Утром мальчишке объявили, что он будет работать помощником чабана в горах и жить там вместе с другими пастухами. Старшим чабаном скотоводческой артели оказался бывший работник отца мальчика, с которым Барбек в недалёком прошлом любил поохотиться и пообщаться. Они в те, как подчёркивали новоиспечённые товарищи, байские времена уважали друг друга: старший младшего за воинский дух и смекалку, младший старшего за ловкость, меткость и бесстрашие.
Старший чабан Адыл чему-то нехорошо обрадовался, увидев Барбека. Ему успели доложить, что у мальчика большие проблемы с головой. Бригадир пастухов не очень-то поверил сомнительному диагнозу. Он не с чужих слов знал род Четырёх воинов, поскольку с детства находился при доме бия как ответственный за отары и табуны и видел, на что способны в критической ситуации все члены семьи. Слабовольные среди них не водились, бесшабашные тоже, они выделялись на фоне земляков прозорливостью, отвагой, силой духа. Могли предвидеть события грядущих лет и подготовиться к ним, прикинувшись теми же дурачками. Поэтому помешательство с Барбеком никак не вязалось в голове пастуха. Хотя дитя бая вёл себя именно что странно и правдоподобно демонстрировал потерю памяти. У слушавшего его лепет, у собеседника не оставалось ни капли сомнения, что тот действительно ничего не помнит о своём прошлом и не понимает, что происходит в настоящее время. Более того, у всех на глазах ненаигранно мальчик заново постигал житейские премудрости. Адыл как ни пытался, но так и не смог обнаружить в поведении ребёнка хоть какое-нибудь притворство или неискренность. Но, тем не менее, его подозрения по поводу актёрства бывшего юного друга усилились именно потому, что поведение отрока, потерявшего здравость, отличалось безукоризненностью.

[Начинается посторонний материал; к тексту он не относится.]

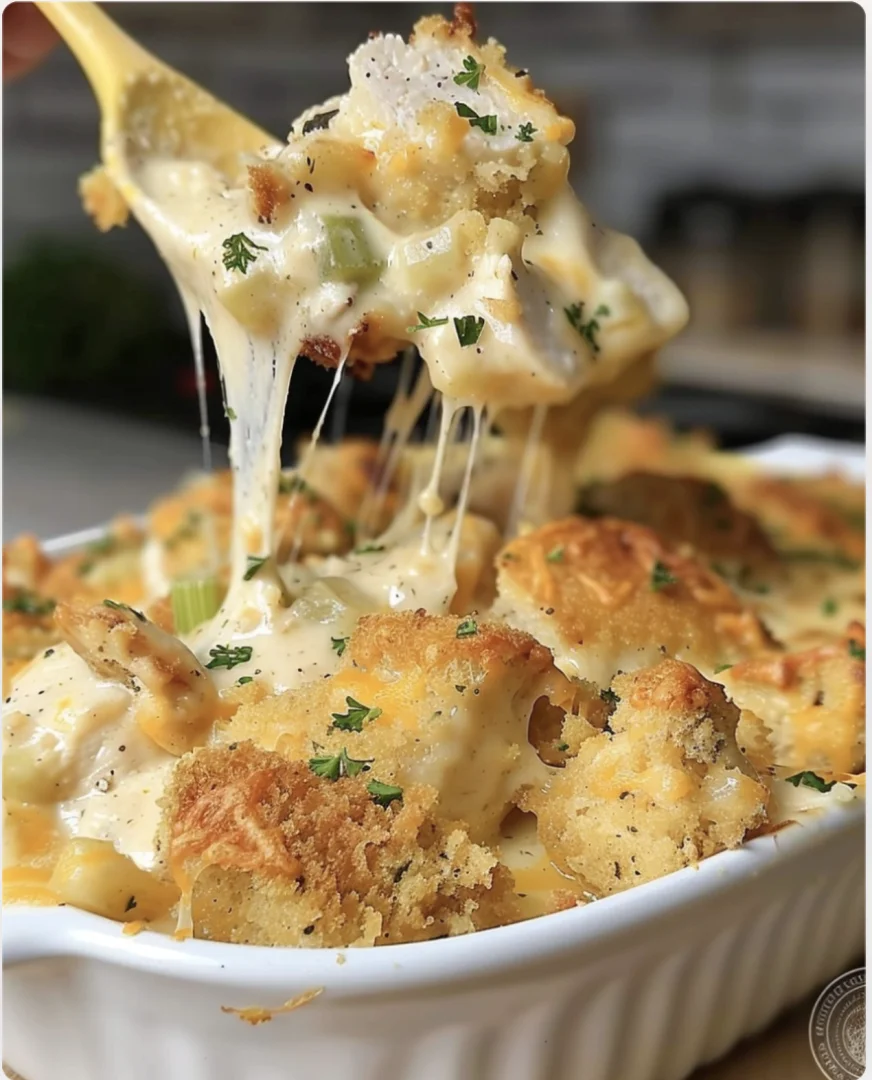 Creamy Chicken Stuffing Bake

С приходом новой власти в их края Адыл изменился, став другим, мрачным. С появлением в их коллективе нового помощника ожил, более того, потерял покой. В его душу прокралась откуда-то тревога, неутихающая и щемящая. Причину тревоги он объяснить себе не мог. Денно и нощно мучаясь от беспокойства в груди, старший чабан извёлся вконец. Не зная, что делать с собой, тем более с помощником, он, ничего лучшего не придумав, решил просто поизмываться над сыном бывшего хозяина, всячески стараясь вывести его на чистую воду. Для чего это ему было нужно, он не ведал. Но знал, что бийёнок в совершенстве владеет приемами единоборства кара-куреш. К своим всего лишь восьми годам сын предводителя караимов достиг такого мастерства, что мог запросто завалить любого взрослого мужчину, кроме своего учителя-отца, разумеется. Адыл и провоцировал Барбека именно на физические ответные действия, изощряясь по-всякому, надеясь, что тот не выдержит его издевательств и даст достойный отпор угнетателю, чем себя и выдаст. То камчой проходился по спине юного пастуха, беспричинно и неожиданно. То ногами буквально избивал, поднимая Барбека с постели, вернее с лежанки из трав и хвороста. То целый день устраивал переходы отар и гонял юнца с одного горного хребта на другой, якобы для выправки направления баранов, которые и не сходили с курса, ибо велись обученными козами туда, куда надо было. На протяжении нескольких лет Адыл таким вот образом мучил бывшего юного друга. Тревога в груди, не дававшая покоя ни днём, ни ночью, стойкость юного караима сделали чабана параноиком. Ему уже чудилось, что сын бывшего хозяина притворяется специально придурком, чтобы усыпить его бдительность и убить. Естественно, теперь он точно не верил в умопомешательство своего нового помощника и в то, что тот всё позабыл. И Адыл усилил преследование подростка. Но все его старания оказались тщетными, так как своего он не добился – не изобличил парнишку ни в чём.